Fécamp
- Full name: Union Sportive Football de Fécamp
- Founded: 1903
- Stadium: Stade René-Gayant
- Capacity: 1,500
- President: Sylvain Guerin
- League: Régional 2 Normandie
- 2019–20: Régional 2 Normandie, 6th
- Website: http://www.us-football-fecamp.com/

= USF Fécamp =

Football club based in Fécamp, France

Union Sportive Football de Fécamp is a football club based in Fécamp, France. Founded in 1903, it competes in the Régional 2, the seventh tier of the French football pyramid, as of the 2021–22 season. The team plays its home games at the Stade René-Gayant, and the club's colours are red and black.

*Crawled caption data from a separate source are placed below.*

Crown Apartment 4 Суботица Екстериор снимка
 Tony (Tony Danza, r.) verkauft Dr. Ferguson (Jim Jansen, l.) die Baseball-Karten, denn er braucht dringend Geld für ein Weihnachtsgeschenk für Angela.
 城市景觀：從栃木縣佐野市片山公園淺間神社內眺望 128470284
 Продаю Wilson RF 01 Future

The club has a women's team that played in the Division 1 Féminine from 1979 to 1982.

== History ==
Union Sportive Fécampoise was founded in May 1903. In 1935, the club absorbed Sporting Club de Fécamp.

From 1985 to 1997, Fécamp played in the third tier of French football, initially the Division 3 from 1985 to 1993 and subsequently the Championnat National 1 from 1993 to 1997. In 2002, the club was administratively relegated from the Championnat de France Amateur 2 to the Division d'Honneur.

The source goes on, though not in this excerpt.